What to do:
Copy out exactly, and only, the lines from the one containing "Könyv Conejo es rico John Updike" through the end of the entries. No pictures.

Source records:
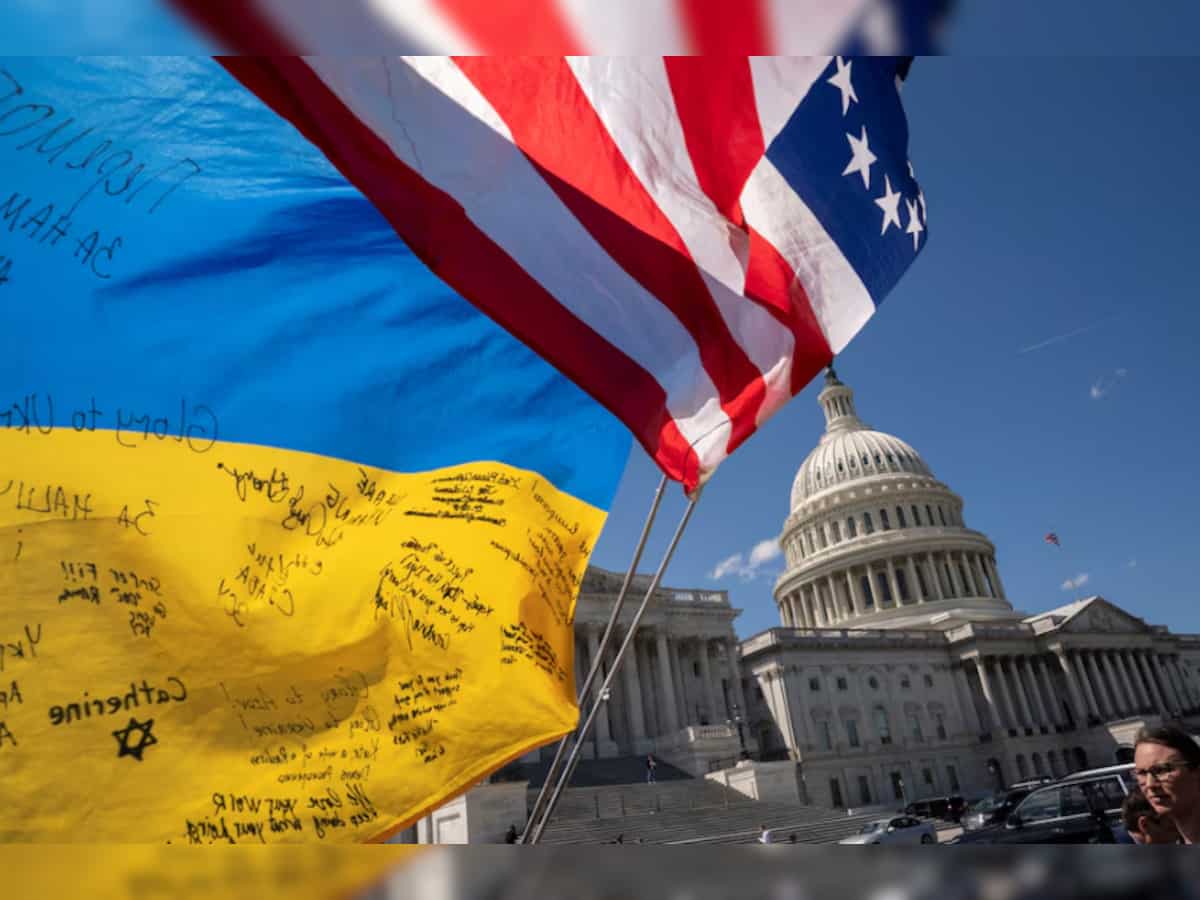 Aid bill's passage will hurt Ukraine, cause more deaths, Kremlin says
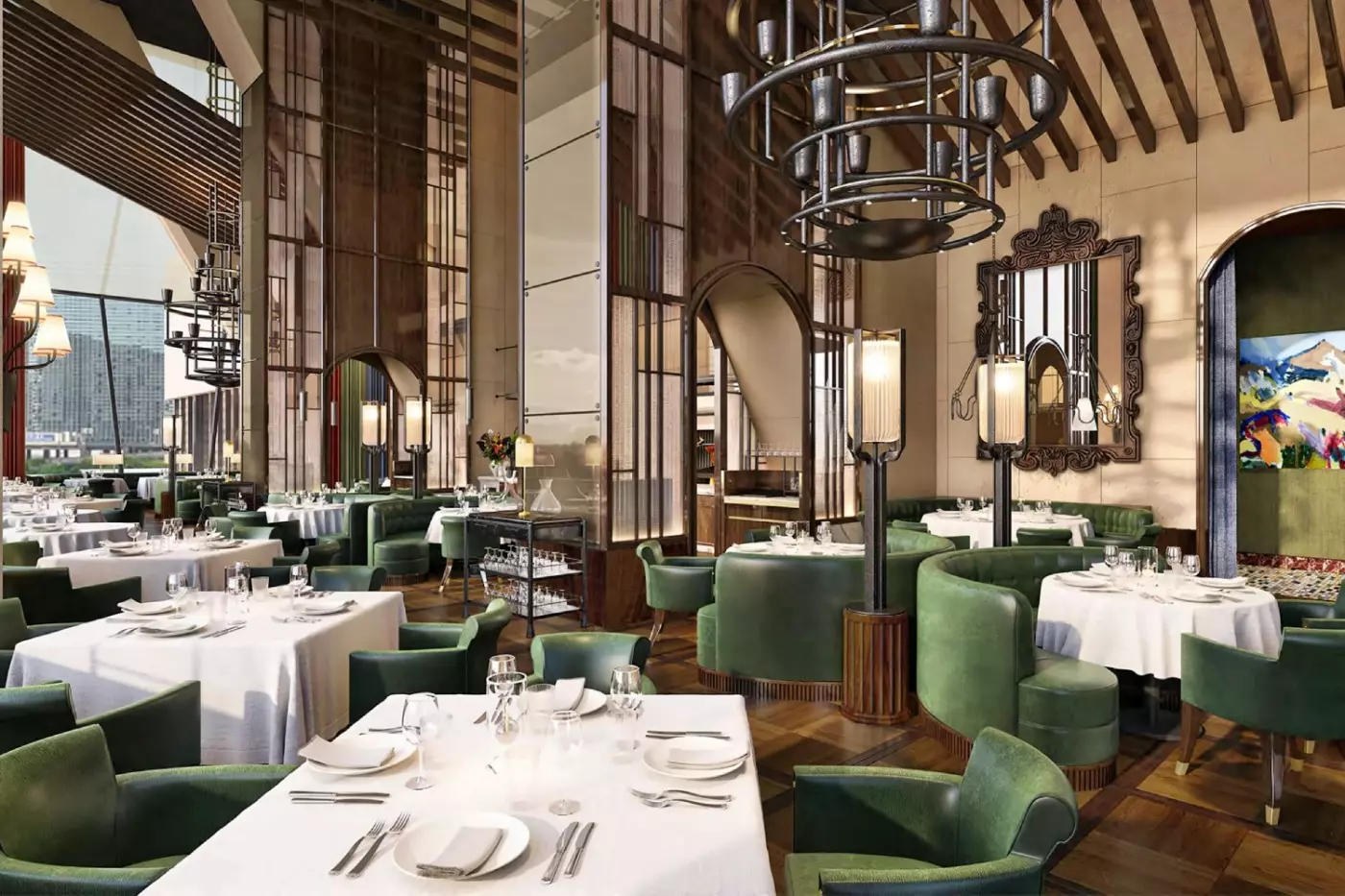 St Regis Chicago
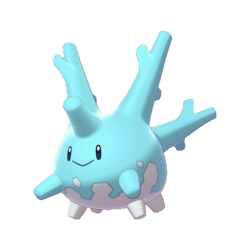Corsola Shiny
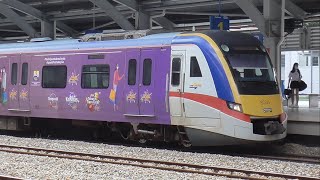 09102021 KTM Subang Jaya Station [upl. by Brufsky412]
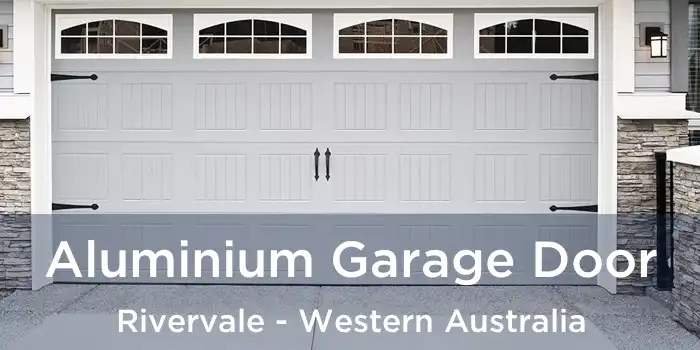 Aluminium Garage Door Rivervale - Western Australia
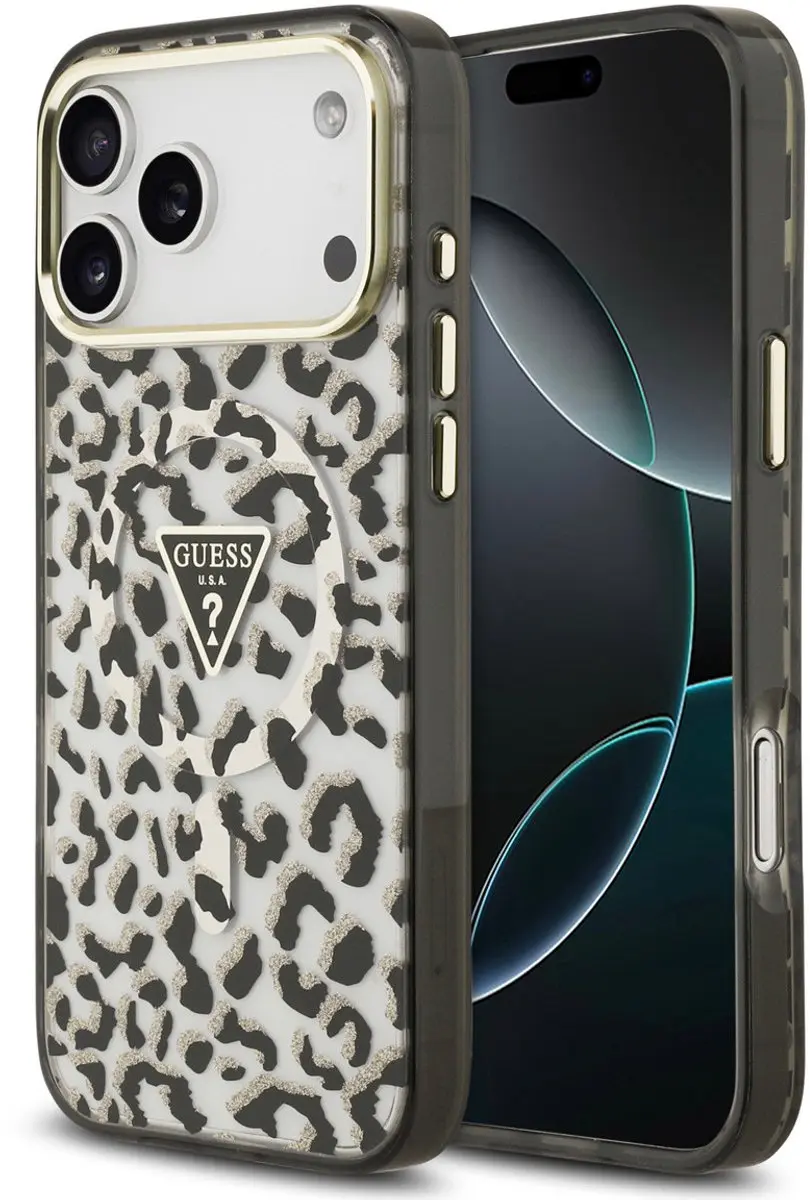Guess Backcover hoesje voor Apple iPhone 18 Pro Max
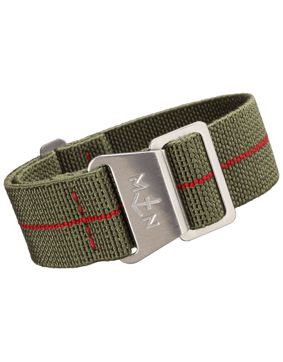 Erika's Originals Original MN Red textilarmband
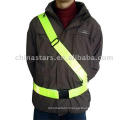 EN471 Reflective safety Waist Belt with PVC tape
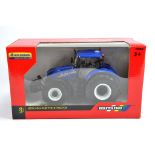 Britains 1/32 New Holland T7.315 Tractor. M in Box (Box has some slight nicotine staining.)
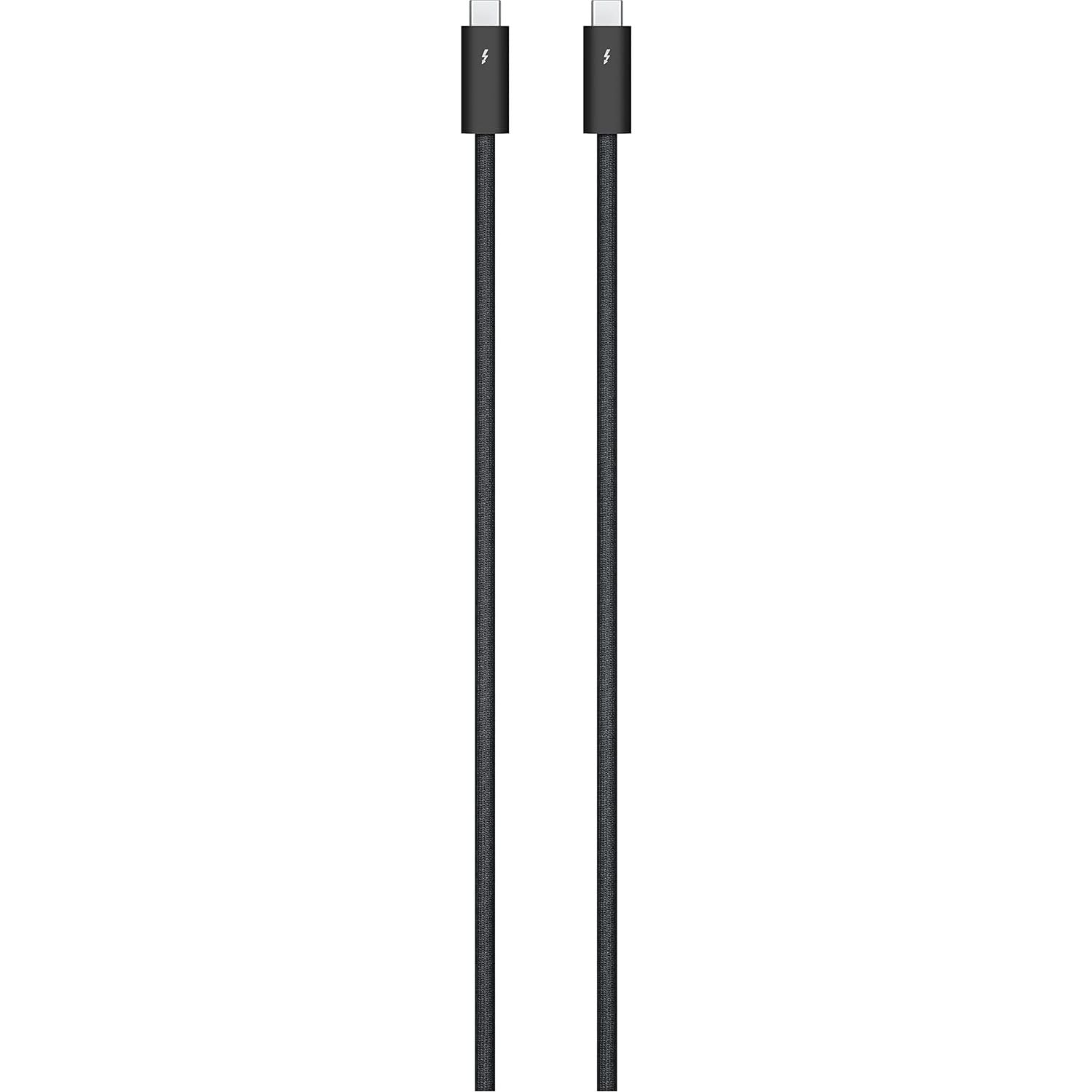 Buy Apple,Apple Thunderbolt 4 (USB-C) Pro Cable (1.8m) - Gadcet UK | UK | London | Scotland | Wales| Near Me | Cheap | Pay In 3 | USB Cables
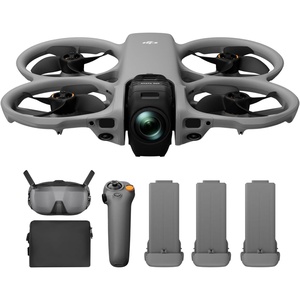 image:imageDJI Avata 360 Fly More Combo RC 2 360 Drone With 1Inch 8K 360 Imaging for FPV amp Aerial Filming 360 Camera Drone With Propeller Guard Includes RC 2 for Precise Control and Three BatteriesDJI Avata 360 Motion Fly More Combo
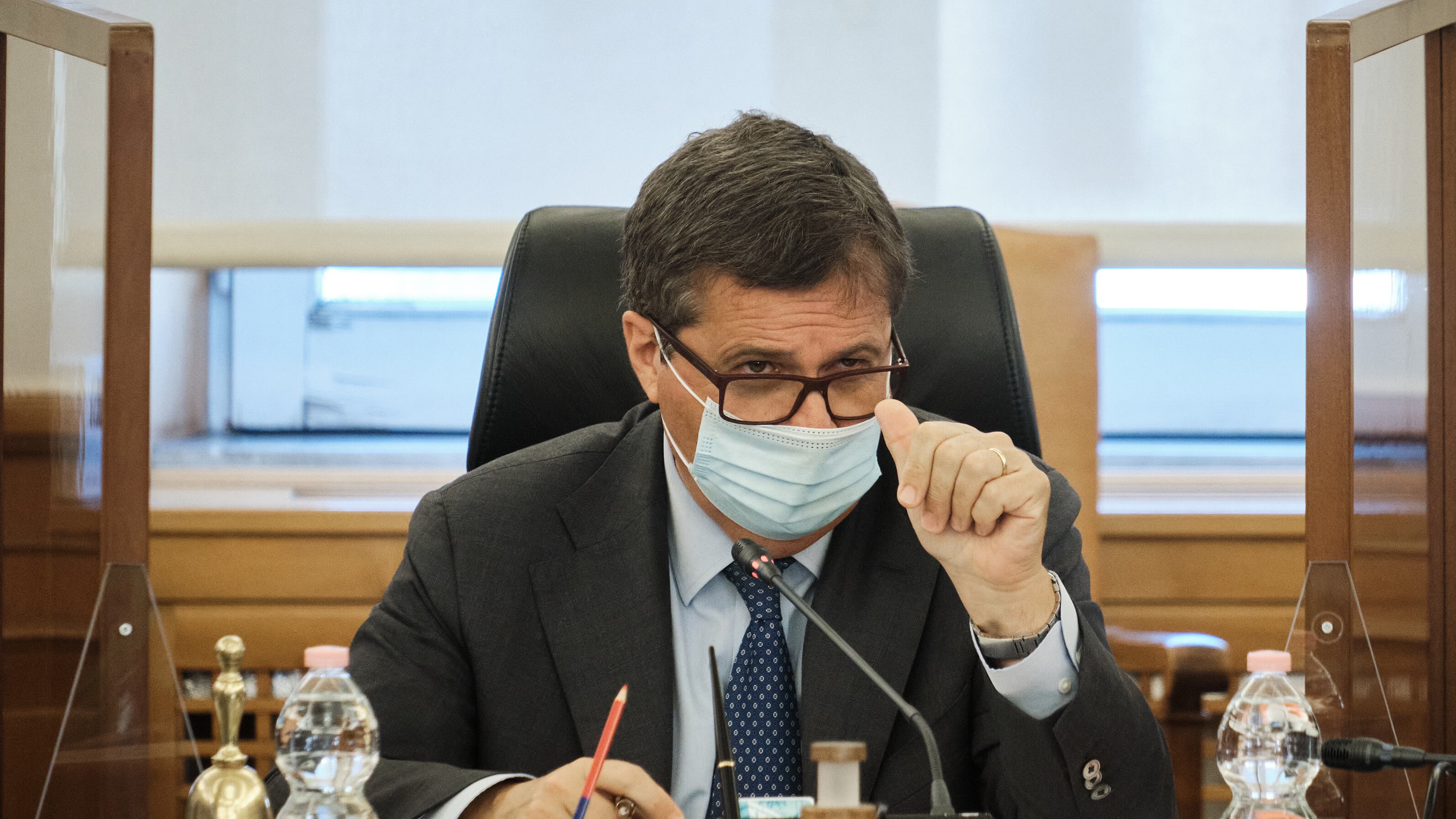 Ermini (Csm) boccia i quesiti sulla giustizia "Le leggi le fa il Parlamento, rischio pasticci"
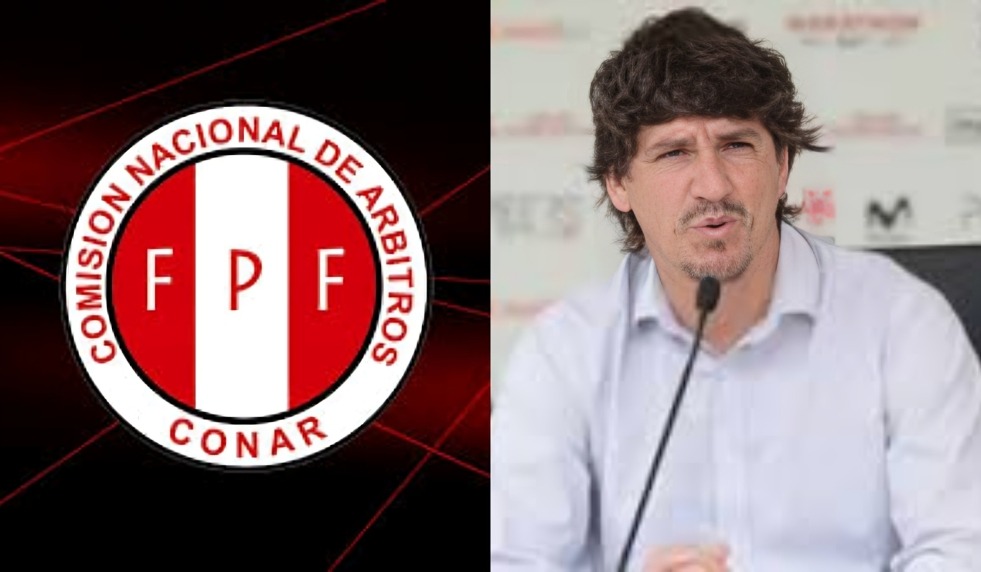 CONAR respondió a Jean Ferrari a través de un comunicado. (Foto: Composición Depor).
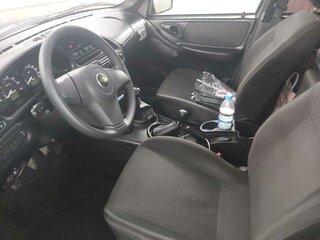 2018 Chevrolet Niva I Рестайлинг, серый, 700000 рублей, вид 4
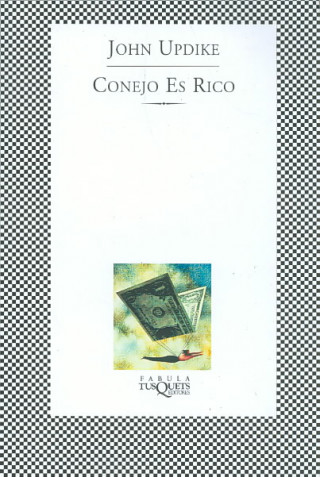 Könyv Conejo es rico John Updike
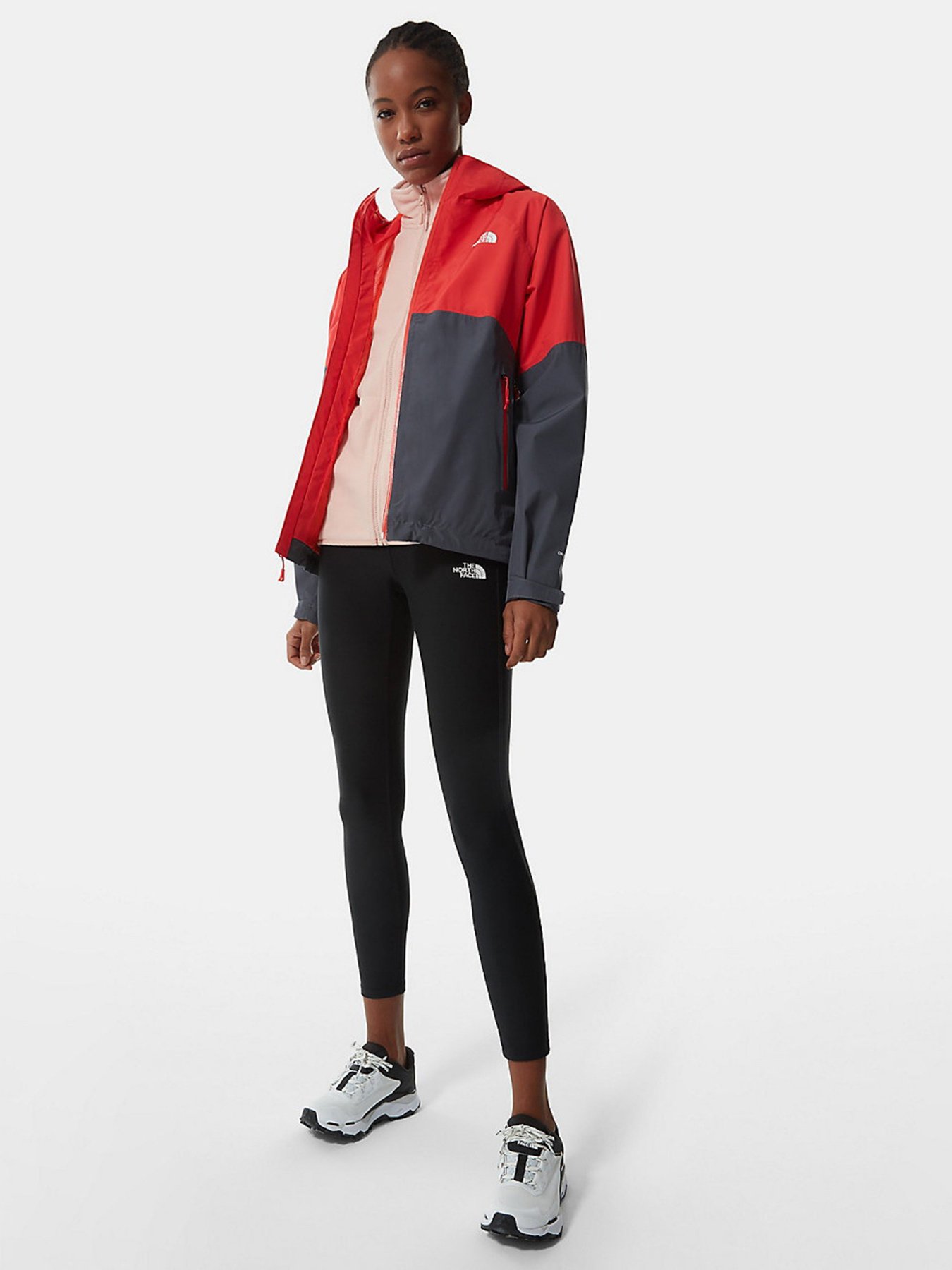 Кофта The North Face 100 Glacier модель NF0A2UAUR141 Фото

Result of this task:
 Könyv Conejo es rico John Updike
 Кофта The North Face 100 Glacier модель NF0A2UAUR141 Фото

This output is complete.